Moving to the front of the pack there is plenty of MOLLE style webbing to attach additional pouches, hydration bladders, knives, tools, etc. Above the MOLLE webbing is a carry handle. I've found the handle placed here is very helpful. I use it a lot. At the bottom of the pack are 2 additional loops to hold the handles of tools like hatches and ice axes in place. Up further on the pack are loops to hold the upper portion of these tools. The front also has straps to hold down the top flap and compress the pack.

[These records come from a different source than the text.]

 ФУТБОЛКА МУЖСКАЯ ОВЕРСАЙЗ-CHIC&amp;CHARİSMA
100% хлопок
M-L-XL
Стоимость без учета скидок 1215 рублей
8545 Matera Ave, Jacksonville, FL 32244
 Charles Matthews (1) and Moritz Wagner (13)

The back of the pack is great. At the top is another carry handle, but what I really like is the torso adjustments. The straps move up or down along the back of the pack to properly fir the pack to the individual for proper load distribution on the body. There is a nice padded lumbar support as well. The shoulder straps are very comfy and adjustable with a sternum strap and padded waist strap.

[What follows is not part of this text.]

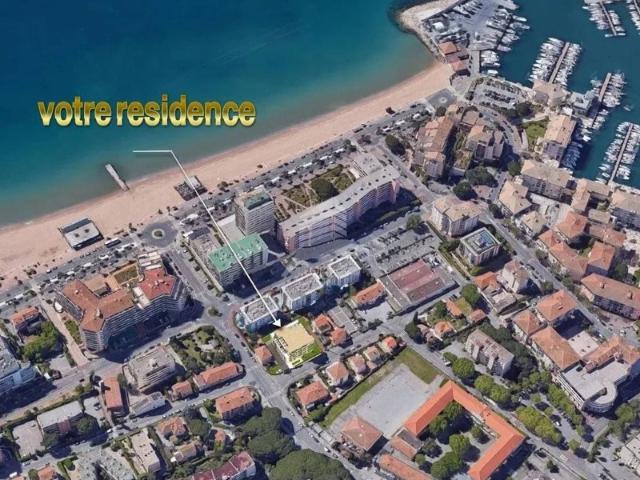 FREJUS PLAGE APPARTEMENT SUR LE TOIT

With a huge load carrying capacity, camo webbing, great features, and great durability I feel Lowe Alpine has outdone themselves with their military line of packs.

Volume: 3576 cu in
Load Zone: 20 - 55 lbs (although I believe this pack can hold more)
Weight: 7 lbs 14 oz
Torso: 15 - 20 inches
MSRP: $299.95


Tacticalgearhead (youtube) said...

Looks like it would make a good bushcraft pack.

Brian said...

Where can I buy one? I have had a hard time even locating one.

Jake said...

That was the problem with this review, I got the pack and started to review it, but then the company stopped selling it in the US. I found a OD version on Sierra Trading Post, but not sure if it came with the rockets.

Jake said...

just checked again, it is sold with the rockets, just not pictured on the page.

ahjno (youtube) said...

Great review! I own one in OD and love it! That little pouch you where talking about in the pack itself isn't for a military radio but for hydration bladders (Platypus, etc).

Jake said...

ahjno, Thank you for the comment. The pouch could hold a hydration bladder, but in the pack I have it's more of a square pouch as opposed to the hydration bladder shape/size. It's the same size as a SINCGARS/Harris "man-pack" radio. There is also no holes for routing a hydration tube out through the pack. That's why I referred to it as a radio pocket.

Paul said...

Hi Jake,
I also own a Lowe Alpine Sting (in OD).
The pocket is to fit a hydration bladder. "There is also no holes for routing a hydration tube out through the pack." There is, it's situated at the corner of the pouch (to your right when wearing it.) And at the side, above the 'rocketpocket' there is a small triangular flap. That's where a tube goes through. I guess it's hard to find on a camo-rucksack! ;-)
The camo-pattern is actually Dutch DPM, the rucksacks are standards for the Dutch Army. (British DPM has some minor colouring and detail differences.)

Jake said...

I stand corrected. The pouch doesn't seem like a 100 oz pouch, but after looking at it again I was able to find the hole for the hydration tube. Even knowing where it is took a few minutes of searching. Easiest to find looking from the inside. I suggested to Lowe Alpine to include an instruction guide on proper fit and all the features, so things like that aren't missed. They said it was a good idea and planned on it, but since they aren't distributing the Mil packs in the US anymore I'm not sure I'll see this.

Zloner said...

I have used this backpack during my active duty in Gaza (backpack is used by the Israeli army), and during navegations training, carrying up to 80 lbs.
It has NEVER let me down..
this is for the "heavy loaders"... great pack and review!!

Paul said...

A thing you might have figured out yourself; the straps on the sidepockets (pouches) are to be diagonally attatched.
When zipped together, you have to place the straps on the lower part on the outside, on the high part, you place the straps in the middle like so: /\ It'll fit tighter on the shoulders, so you won't have the feeling as if they're going to fall off.

Jake said...

Tat does help out a lot with that feeling of it slipping off your shoulders. I did try this during the review process....the only thing I didn't like about this is that the top outer portion of the pack then tends to be more "floppy". I guess you have to experiment and see which works for your specific load out. Thank you for including this info on the page....great feedback!!!